Combined tasks #1104

lembergerth · 2020-07-22T17:00:53Z

Description of tasks

New benchmark tasks that are a combination of existing benchmark tasks.

Each benchmark task in this directory is created from two other tasks
of other categories, according to the following pattern:

/* definitions of Task 1 ... */
int main1() { /* main-method of Task 1 ... */ }
/* definitions of Task 2 ... */
int main2() { /* main-method of Task 2 ... */ }

int main() {
  if (__VERIFIER_nondet_int()) {
    main1();
  } else {
    main2();
  }

Definitions are renamed to avoid conflicts, if necessary.

This construction leads to programs with independent program parts.

The name of each benchmark task reveals its origin:
All task names are created by the pattern ${TASK_1}+${TASK_2}.

Open Issue: Licensing

I'm not sure about how to license these tasks.
Some of the tasks that we used are part of sv-benchmarks, but do not have a separate license in their corresponding directory.
For now, I have written a LICENSE.txt that coarsely references the original licenses (if present),
but I don't think this is good enough.

I'd be happy about any constructive input on this matter.

Checklist

programs added to new and appropriately named directory
license present and acceptable (either in separate file or as comment at beginning of program)
contributed-by present (either in README file or as comment at beginning of program)
programs added to a .set file of an existing category, or new sub-category established (if justified)
intended property matches the corresponding .prp file
programs and expected answer added to a .yml file according to task definitions

architecture (32 bit vs. 64 bit) matches the corresponding .cfg file
original sources present
preprocessed files present
preprocessed files generated with correct architecture
Makefile added with correct content and without overly broad suppression of warnings

PhilippWendler · 2020-07-23T05:52:08Z

Yes, the licensing should be properly handled.
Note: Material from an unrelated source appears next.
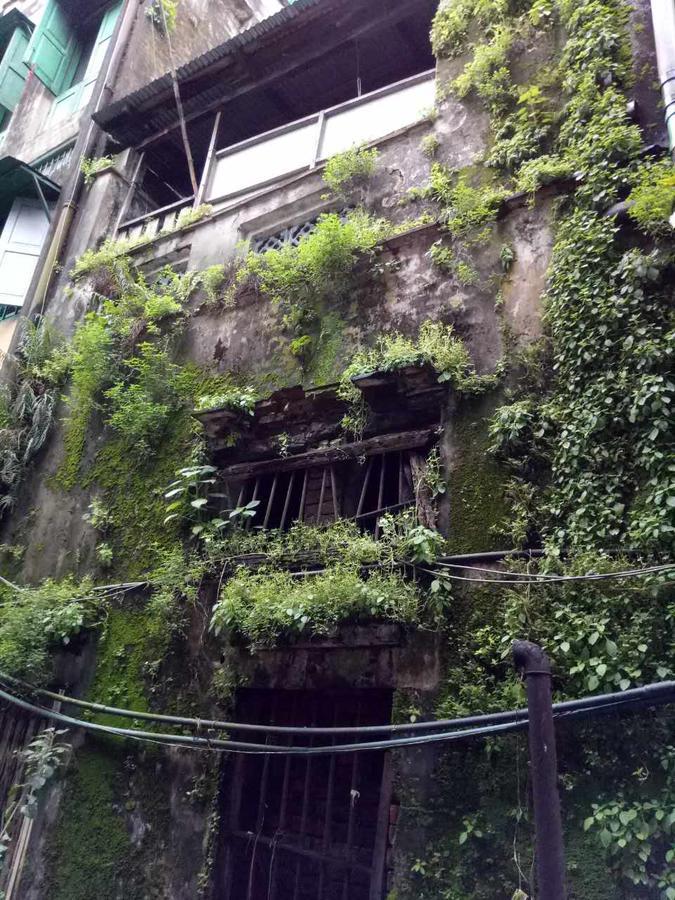 Baobabed Hostel Yangon, Myanmar ภายนอก รูปภาพ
The best and easiest way to do this would be to decide on #1099, add machine-readable (REUSE-style) license headers to all relevant source files, and adjust your tool that constructs the combined programs such that it puts the union of all such headers from the input files in to the output files.
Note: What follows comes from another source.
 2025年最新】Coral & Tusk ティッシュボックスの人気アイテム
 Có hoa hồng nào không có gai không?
PhilippWendler · 2020-10-27T19:06:31Z

Now that #1099 is closed to getting merged: For which directories would you need REUSE-style license declarations in order to be able to update this PR?

After we have this list we can maybe split the workload over a few people. For some directories the task of adding license headers might be a lot of work, but then we could leave programs from these directories out for a first round of combined tasks.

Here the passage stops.